ABSTRACT

Since the 1980s, and with increasing frequency, domestic white Australian travel narratives have mobilised encounters with Aboriginality as contexts for political and ethical critiques of white Australian hegemony that in turn reflect manifestations of sympathetic white liberal discourses of reconciliation. Texts such as Reading the Country by Krim Benterrak, Stephen Muecke, and Paddy Roe (1984/1996), Barry Hill’s The Rock (1994), Kim Mahood’s Craft for a Dry Lake (2000), and Nicholas Jose’s Black Sheep (2002) produce rhetorical performances of reconciliation by appearing to represent the possibilities of white travellers engaging peacefully and respectfully with Aboriginal guides and hosts.
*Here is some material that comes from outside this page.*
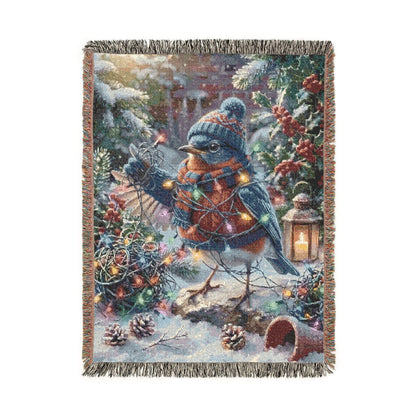 A rectangular woven throw blanket with fringe on all sides, featuring a festive winter scene with bluebirds, evergreen branches, red berries, pinecones, and warm string lights on a white background.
This chapter focuses on how these narratives enact performances of a white Australian postcolonial sensibility towards Aboriginality that defines and expresses itself through a semiotics of empathy. It also investigates how the co-ordinates of this semiotics shifted in the 1990s in response to movements in the Australian public sphere vis-à-vis the politics and ethics of reconciliation, most prominently represented by the cultural impact of the publication of Bringing Them Home: Report of the National Inquiry into the Separation of Aboriginal and Torres Strait Islander Children from Their Families (1997). “Reconciliation” is used here to include the field of discourses that structure public debate about the relationship between indigenous and non-indigenous Australians during the last twenty or so years. Gillian Whitlock notes that “[d]iscourses of reconciliation have emerged in the past decade as one of the most powerful scripts for interracial negotiation in states which struggle with the legacies of Eurocolonialism”.2 In Australia, reconciliation between Aboriginal and European Australians has become a field of dominant utopian discourses in the public sphere. Not unexpectedly, reconciliation has become a significant theme for contemporary white Australian travel writers. But the meaning of reconciliation is not uniform or uncontested, and discourses of reconciliation have evolved in response to significant political events. This chapter examines how the discourse of reconciliation becomes manifest in recent travel narratives, and how the “script” of the performance of reconciliation has changed subtly over time.